J’avais attendu longtemps avant de lire ce livre, il était là tout proche prenant, depuis de longs mois déjà, la poussière sur l’une de mes étagères. C’est un livre que j’avais acheté d’occasion, je ne sais pas ce qui a poussé son ancien propriétaire à le revendre mais je ne pense pas que ce soit lié à la qualité du texte. Après l’avoir lu, j’ai dû encore attendre longtemps avant de m’atteler à la rédaction de ce billet tant la claque je j’avais reçu lors de la lecture des âmes grises était grande.
Je ne savais pas comment aborder le sujet. Je ne le sais toujours pas mais j’ai le réconfort de m’être donné le temps d’y réfléchir. Un petit village pendant la première guerre mondiale, tout proche du front. La vie de ce village ou transpire le mal-être pour tous les hommes. Ce malaise de ne pas être au front, mais un soulagement parfois, lorsque l’on voit débarquer ces gueules cassées, ces chairs meurtries.
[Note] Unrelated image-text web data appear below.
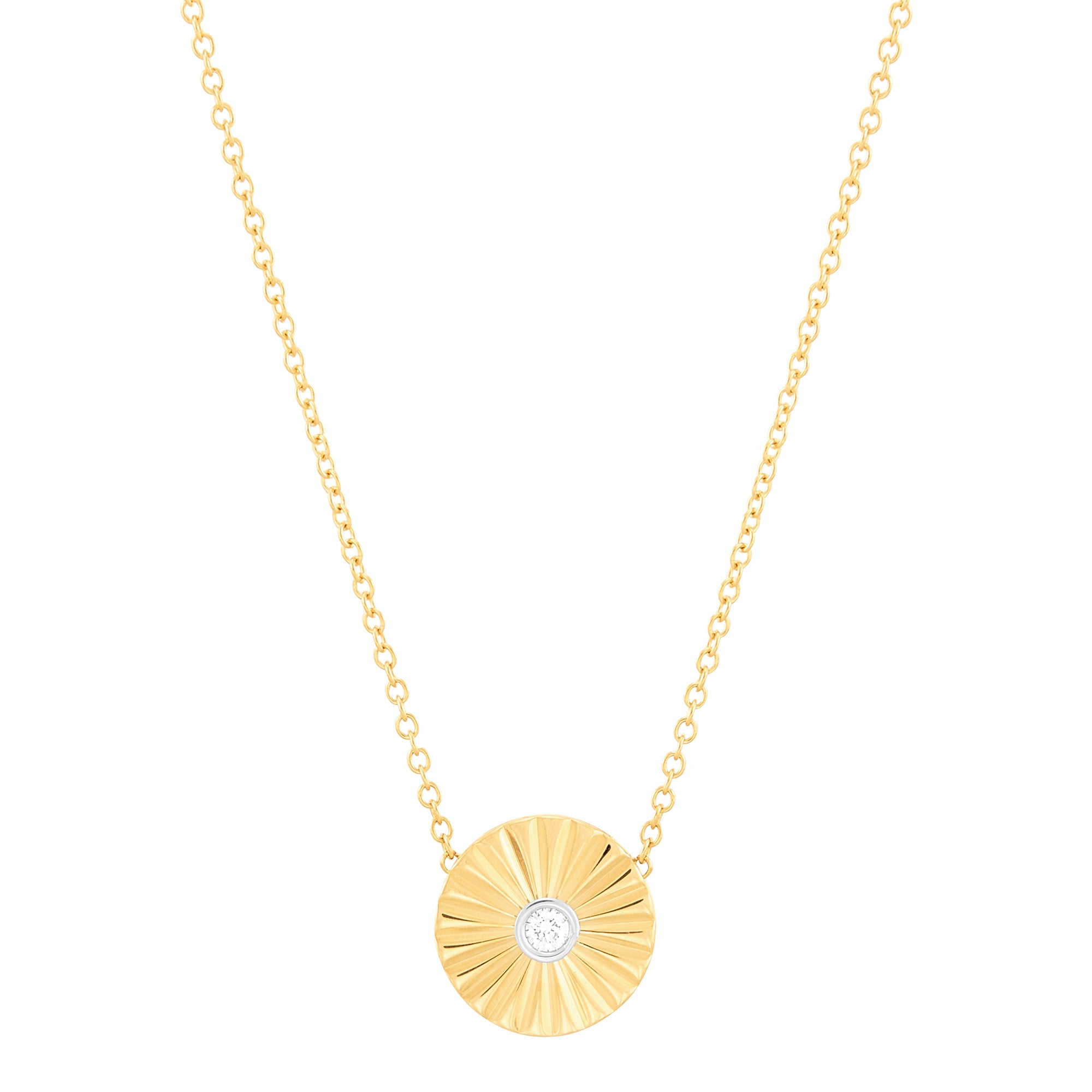 14Kt Yellow Gold Starburst Necklace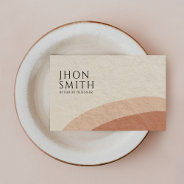 Elegant Boho Terracotta Abstract Unique Modern Business Card at Zazzle
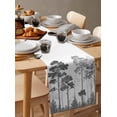 thumbnail image 6 of Ldtrchee Forest Nature Tree Table Runner 48 Inches, Wild Plant Botanical Grey White Bed Runner Dresser Scarves Tabletop for Indoor Outdoor Parties/Ceremony/Banquet, 13" x 48", 6 of 8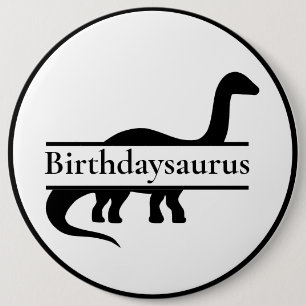 Dinosaurus Verjaardag Button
Soulagement bien éphémère qui tourne vite à l’aigre sous les assauts du remord. Cette proximité de la mort pèse même si elle n’est pas au coeur de l’histoire mais là toute proche, menaçante, vivre près d’une précipice n’est pas simple.
La vie dans ce village est bouleversée par une triste affaire, un meurtre à vrai dire, comme si la guerre ne faisait pas assez de victimes. Des hommes et de femmes englués dans cette histoire: le juge, le procureur et le narrateur…
Le schéma narratif est implacable, Philippe Claudel fait preuve d’une parfaite maîtrise, impressionnante. Le lecteur ne peut poser le livre avant d’avoir atteint la dernière page. Le récit, l’histoire est d’une intelligence rare, on est bien loin des blockbusters que l’on a trop l’habitude d’avaler sans les savourer comme on mange dans un fast-food. Et, comme si ça ne suffisait pas, il y a les ambiances, le langage, chaque mot est choisi avec soin pour qu’il ait le plus d’impact possible, pour nous faire ressentir, au plus profond de nous, tout le poids de cette histoire. Il est donc possible de réaliser une oeuvre à la fois intelligente, belle et passionnante. C’est un livre qui restera, l’un de ceux qui deviendra, sans nul doute, un classique.
Philippe Claudel, Les âmes grises, Le Livre de Poche, 2006, 279 p, Amazon.